_Assignment_
Provide only the number of lines in the records where "Drawing" appears.

_Supplied data_
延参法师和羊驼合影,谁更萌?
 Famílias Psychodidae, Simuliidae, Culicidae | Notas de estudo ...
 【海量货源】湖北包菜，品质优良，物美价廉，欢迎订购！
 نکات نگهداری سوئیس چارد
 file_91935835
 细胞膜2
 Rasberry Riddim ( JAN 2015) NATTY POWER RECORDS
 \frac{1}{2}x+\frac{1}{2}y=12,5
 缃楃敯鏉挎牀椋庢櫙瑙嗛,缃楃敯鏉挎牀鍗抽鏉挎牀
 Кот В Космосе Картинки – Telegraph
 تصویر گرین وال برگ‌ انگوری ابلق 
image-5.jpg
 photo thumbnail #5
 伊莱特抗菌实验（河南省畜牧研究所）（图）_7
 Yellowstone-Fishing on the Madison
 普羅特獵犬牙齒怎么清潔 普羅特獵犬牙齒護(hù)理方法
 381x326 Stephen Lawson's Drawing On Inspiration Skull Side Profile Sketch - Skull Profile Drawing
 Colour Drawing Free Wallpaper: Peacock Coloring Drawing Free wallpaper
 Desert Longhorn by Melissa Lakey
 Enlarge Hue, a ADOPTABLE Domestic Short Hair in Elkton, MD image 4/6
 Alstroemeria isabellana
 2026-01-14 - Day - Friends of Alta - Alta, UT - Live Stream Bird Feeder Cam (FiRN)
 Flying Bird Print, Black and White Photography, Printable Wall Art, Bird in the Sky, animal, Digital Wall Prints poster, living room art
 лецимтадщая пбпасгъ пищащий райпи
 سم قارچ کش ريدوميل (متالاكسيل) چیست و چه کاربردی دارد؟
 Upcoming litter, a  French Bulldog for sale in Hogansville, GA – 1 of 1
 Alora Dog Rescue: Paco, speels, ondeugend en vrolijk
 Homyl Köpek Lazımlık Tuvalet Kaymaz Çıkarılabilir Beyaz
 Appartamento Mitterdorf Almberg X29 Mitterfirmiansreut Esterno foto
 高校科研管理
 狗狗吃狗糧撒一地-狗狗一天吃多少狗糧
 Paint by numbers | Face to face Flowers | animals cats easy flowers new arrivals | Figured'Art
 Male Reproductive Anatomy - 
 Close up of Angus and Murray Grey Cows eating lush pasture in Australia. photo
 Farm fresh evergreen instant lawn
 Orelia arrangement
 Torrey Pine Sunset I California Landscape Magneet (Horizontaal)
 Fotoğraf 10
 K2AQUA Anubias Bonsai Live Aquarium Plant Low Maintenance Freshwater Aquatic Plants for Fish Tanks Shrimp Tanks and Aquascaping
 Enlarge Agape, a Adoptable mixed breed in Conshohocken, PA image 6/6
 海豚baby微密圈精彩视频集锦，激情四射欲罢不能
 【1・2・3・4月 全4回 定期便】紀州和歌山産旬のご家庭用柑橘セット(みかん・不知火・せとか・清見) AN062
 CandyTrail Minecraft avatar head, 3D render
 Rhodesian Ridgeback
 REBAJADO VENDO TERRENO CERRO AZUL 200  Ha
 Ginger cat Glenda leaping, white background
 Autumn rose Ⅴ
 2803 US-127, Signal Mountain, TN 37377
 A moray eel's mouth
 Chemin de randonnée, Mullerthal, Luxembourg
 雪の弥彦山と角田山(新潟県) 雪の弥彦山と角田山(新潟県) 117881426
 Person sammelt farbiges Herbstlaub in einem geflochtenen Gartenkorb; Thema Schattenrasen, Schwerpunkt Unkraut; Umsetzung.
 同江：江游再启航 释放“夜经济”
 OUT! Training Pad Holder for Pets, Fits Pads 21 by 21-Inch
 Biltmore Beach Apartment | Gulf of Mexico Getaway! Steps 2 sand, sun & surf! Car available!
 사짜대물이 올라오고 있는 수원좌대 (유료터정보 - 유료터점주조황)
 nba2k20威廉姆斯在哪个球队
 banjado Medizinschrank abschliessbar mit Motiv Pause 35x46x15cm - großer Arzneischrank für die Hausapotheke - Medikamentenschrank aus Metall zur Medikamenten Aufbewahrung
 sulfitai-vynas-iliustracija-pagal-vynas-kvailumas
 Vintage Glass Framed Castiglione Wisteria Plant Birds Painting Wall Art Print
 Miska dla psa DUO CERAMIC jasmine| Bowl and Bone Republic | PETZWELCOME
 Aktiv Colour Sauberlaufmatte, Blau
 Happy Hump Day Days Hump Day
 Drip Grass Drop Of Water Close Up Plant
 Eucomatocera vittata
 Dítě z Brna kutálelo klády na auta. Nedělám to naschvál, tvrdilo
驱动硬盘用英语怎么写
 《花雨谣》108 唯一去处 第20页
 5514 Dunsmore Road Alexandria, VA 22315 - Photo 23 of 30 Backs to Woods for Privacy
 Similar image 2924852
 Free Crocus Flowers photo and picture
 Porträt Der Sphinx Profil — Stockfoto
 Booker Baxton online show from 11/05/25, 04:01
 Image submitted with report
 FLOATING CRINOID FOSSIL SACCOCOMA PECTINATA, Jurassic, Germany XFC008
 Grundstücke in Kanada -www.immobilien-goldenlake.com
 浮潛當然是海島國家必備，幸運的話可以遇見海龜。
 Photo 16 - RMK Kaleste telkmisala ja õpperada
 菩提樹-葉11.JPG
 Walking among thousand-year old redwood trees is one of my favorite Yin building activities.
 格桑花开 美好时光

_Your response_
2